Electroactive Organometallics

The study of intramolecular redox processes in molecules which contain more than one redox-active center provides valuable information about fundamental electron transport phenomena. These processes are often closely correlated with natural biosynthesis phenomena and the development of unique chemical and physical characteristics which allow for the production of novel materials, more efficient catalytic systems, and for molecular electronic devices. Suitable complexes for these investigations may be generally described by the formula (LmM)a(μ- BL)(M’L’n)b (BL = bridging ligand; L, L‘ = terminal ligands). Two main areas of research may be distinguished:

  • The variation of the redox-active capping groups MLn allows for a fine-tuning of the redox potential and the electronic configuration of the accessible redox states. Capping groups which feature electrochemically reversible redox reactions are of particular interest, since the study of electron transfer processes by electrochemical methods like cyclic voltammetry requires a reversibility of the investigated redox steps. Metallocene complexes like ferrocene 1 and cobaltocene 2 meet this requirement since both complexes may be converted reversibly into the corresponding monocation by a one-electron oxidation step. The majority of the published studies in this area focusses on ferrocene complexes due to the ease of handling these materials, while examples of bridged dicobaltocenes are still rare despite the fact that the special electron configuration of cobaltocene in which an electron occupies a ligand-centred π* orbital promises electronic interactions over long distances. Hence we are interested in the synthesis of dicobalt complexes in which the metallocene moieties are separated by linkers with extended π systems.
  • The variation of the bridging ligand BL in a series of complexes which bear identical redox-active capping groups MLn allows for an assessment of its charge transfer properties. Bridging ligands which derive from rigid rod molecules with extended π systems like oligo-p-phenylenes 3, –thiophenes 4 und –acetylenes 5 are of particular interest, since they represent the main building blocks of many conducting polymers. Since redox-active metallocenyl capping groups are usually attached to the linking group via C-C σ-bonds, the attached cyclopentadienyl rings have to be envisaged as parts of the BL framework. The linkage of cyclopentadienyl metal fragments via annelated arenes as indene 6 [1] and fluorene 7 [2] which may engage the six-membered ring as well as the five-membered ring for coordination, represents an alternative approach to carbon-bridged metallocenes. Polycyclic arenes like decacyclene 8 show a variety of coordination modes and numbers.[3]
Figure 1: Crystal structure of triple-decker complex [{(η5-C5H5)Fe(η5-Me5C5)- Co(μ-η5:η4-1-ind)}2C(CH3)2] .
Figure 1: Crystal structure of triple-decker complex [{(η5-C5H5)Fe(η5-Me5C5)- Co(μ-η5:η4-1-ind)}2C(CH3)2] .

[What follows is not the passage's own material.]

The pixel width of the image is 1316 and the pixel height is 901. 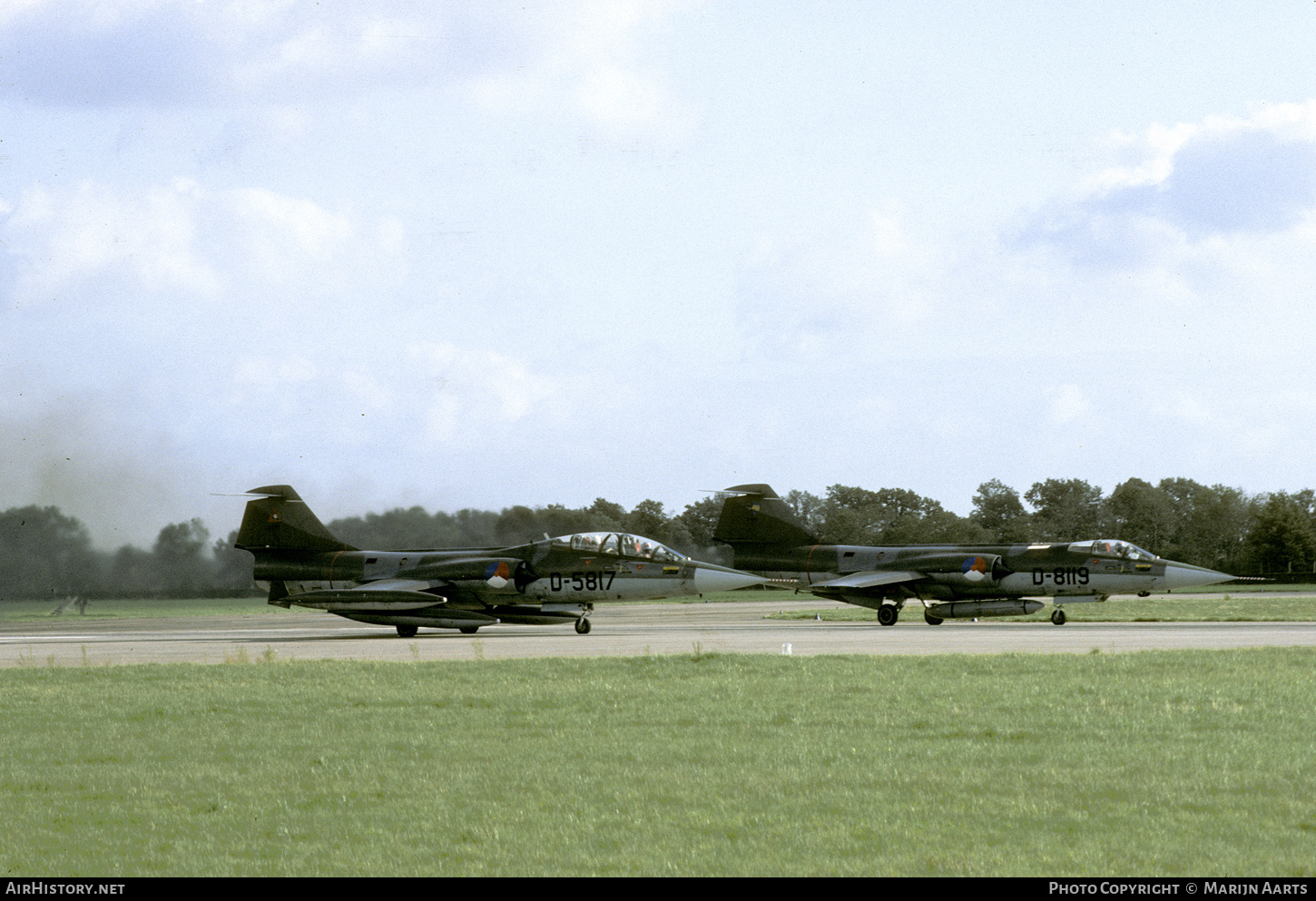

Figure 1 presents an example for a dimeric triple-decker complex consisting of two indenyl units linked by a saturated CMe2 bridge, which serve themselves as bridges between two cyclopentadienyl metal units. Heteroatom linkers complement the carbon-based bridging groups and have been the subject of numerous investigations. Furthermore, bridged multinuclear oligometallocenes are accessible if the metallocene moiety bears donor substituents like -OR, -SR, -NR2 oder -PR2, since coordination of these substituents to metal ions affords complexes which link the metallocene capping groups via heteroatom-metal-heteroatom bridges. This synthetic strategy allows for the construction of complex structures that bear a multitude of potentially redox-active centers.[4]


  1. Chem. Eur. J. (2006), 12 , 1427-1435.
  2. J. Clust. Science (2007), 18 , 237-251
  3. Zeitschr. f. Allg. Anorg. Chem. (2007), 633 , 2332-2337.
  4. J. Organometal. Chem. (2009), 694 , 1022-1026.
  5. J. Organometal. Chem. (2009), 694 , 1027-1035.